Un chef-d’œuvre au cœur des convoitises
Créé en 1432 par Jan et Hubert Van Eyck, l’Agneau Mystique, également appelé « L’Adoration de l’Agneau Mystique », est une pièce centrale de la cathédrale Saint-Bavon à Gand. Considéré comme l’un des plus grands trésors de l’art flamand, ce retable à volets est admiré pour ses détails méticuleux, l’usage révolutionnaire de la peinture à l’huile et ses symboles chrétiens. Mais, au-delà de son importance artistique, ce sont les nombreux vols et péripéties autour de cette œuvre qui ont forgé sa légende.
6 siècles, 13 vols : un record !
L’Agneau Mystique détient un triste record : il est l’œuvre d’art la plus volée de l’Histoire. Depuis sa création, ce polyptyque a été volé à treize reprises, lors de six événements distincts. La première saisie date de 1794, lorsque les troupes françaises l’ont emporté à Paris. Le tableau a été rendu après la chute de Napoléon, mais ce ne fut que le début d’une longue série d’appropriations illégales.
En 1816, plusieurs panneaux ont été vendus à un marchand d’art bruxellois, pour finir dans la collection privée du roi de Prusse. Après la Première Guerre mondiale, ces panneaux ont été récupérés par la Belgique dans le cadre des réparations de guerre. Et ce n’est pas tout : pendant la Seconde Guerre mondiale, Hitler lui-même a ordonné que l’Agneau Mystique soit transporté en Allemagne, où il fut caché dans une mine de sel. C’est grâce aux efforts des célèbres « Monuments Men » que l’œuvre fut sauvée et ramenée à Gand.
Un vol non résolu, où sont les Juges intègres ?
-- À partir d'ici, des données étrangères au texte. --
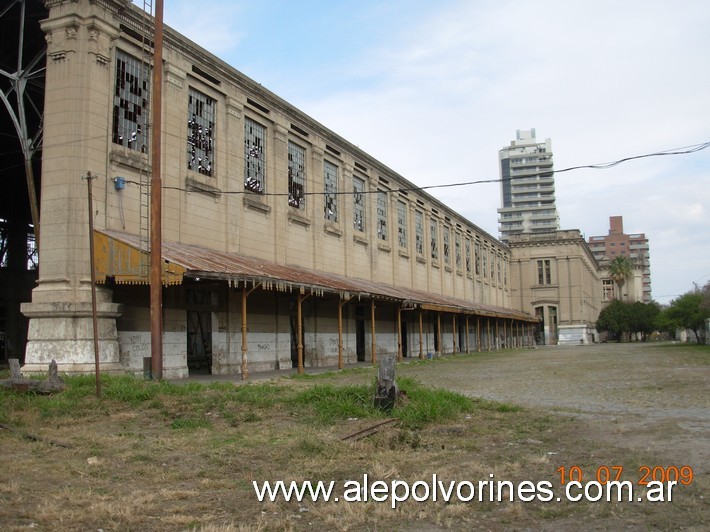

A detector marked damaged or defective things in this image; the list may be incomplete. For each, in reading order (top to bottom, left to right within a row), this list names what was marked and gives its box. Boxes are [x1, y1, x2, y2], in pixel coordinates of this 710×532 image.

broken window pane [112, 49, 149, 153]
broken window pane [186, 88, 214, 177]
broken window pane [288, 142, 304, 209]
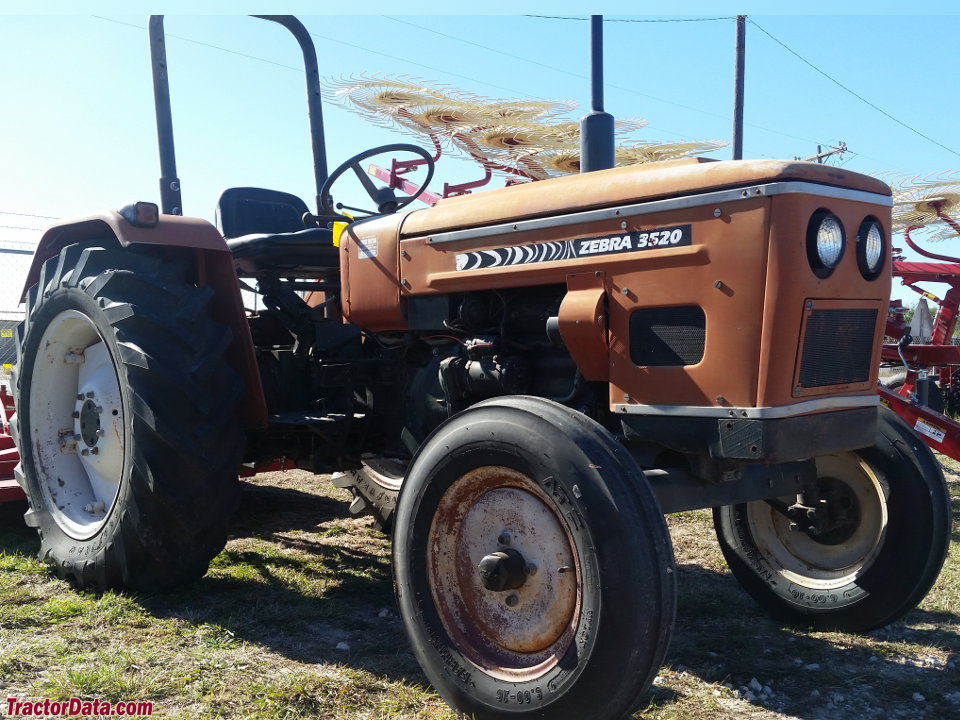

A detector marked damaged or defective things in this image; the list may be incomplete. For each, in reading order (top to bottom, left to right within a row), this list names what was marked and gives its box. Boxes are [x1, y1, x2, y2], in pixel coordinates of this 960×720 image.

Le vol le plus mystérieux de l’Agneau Mystique reste celui de 1934, lorsque deux panneaux du retable ont été dérobés par Arsène Goedertier, sacristain de l’église. Si l’un des panneaux, représentant Saint Jean Baptiste, a été restitué, le second, intitulé « Les Juges intègres », demeure introuvable à ce jour. Goedertier est mort sans révéler l’emplacement de ce panneau, malgré des recherches intensives menées par la police belge. Une fidèle reproduction a été réalisée, mais le panneau original n’a jamais refait surface.
Pourquoi tant de vols ?
Pourquoi l’Agneau Mystique a-t-il été l’objet de tant de convoitises ? Plusieurs raisons expliquent cet intérêt. Tout d’abord, sa valeur artistique et historique est inestimable. Ce polyptyque est non seulement une prouesse technique, mais il est aussi empreint de symbolisme religieux, ce qui lui confère une dimension spirituelle unique. Ensuite, sa taille imposante et sa composition complexe en font un défi logistique pour les voleurs, mais aussi un trophée de choix. Enfin, son statut de trésor national belge lui a conféré une visibilité internationale, attirant les collectionneurs et les régimes en quête de prestige.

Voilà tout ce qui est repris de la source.